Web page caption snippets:

┏━━

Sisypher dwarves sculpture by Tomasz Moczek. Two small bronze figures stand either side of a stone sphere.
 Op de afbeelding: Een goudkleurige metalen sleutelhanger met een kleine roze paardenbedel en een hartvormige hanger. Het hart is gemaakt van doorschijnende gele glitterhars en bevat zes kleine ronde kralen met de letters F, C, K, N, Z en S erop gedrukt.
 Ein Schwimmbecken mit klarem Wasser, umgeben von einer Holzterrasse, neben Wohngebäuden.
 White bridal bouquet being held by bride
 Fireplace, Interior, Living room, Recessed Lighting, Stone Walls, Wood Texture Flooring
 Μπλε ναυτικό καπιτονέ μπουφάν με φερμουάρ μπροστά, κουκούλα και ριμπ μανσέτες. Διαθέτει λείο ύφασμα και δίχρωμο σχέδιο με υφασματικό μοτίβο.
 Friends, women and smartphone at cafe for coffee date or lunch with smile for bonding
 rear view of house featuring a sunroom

┗━━

Task requirements: Your output should consist solely of the lines from the beginning of the entries through the line containing "White bridal bouquet being held by bride", reproduced exactly.

Exercise output:
Sisypher dwarves sculpture by Tomasz Moczek. Two small bronze figures stand either side of a stone sphere.
 Op de afbeelding: Een goudkleurige metalen sleutelhanger met een kleine roze paardenbedel en een hartvormige hanger. Het hart is gemaakt van doorschijnende gele glitterhars en bevat zes kleine ronde kralen met de letters F, C, K, N, Z en S erop gedrukt.
 Ein Schwimmbecken mit klarem Wasser, umgeben von einer Holzterrasse, neben Wohngebäuden.
 White bridal bouquet being held by bride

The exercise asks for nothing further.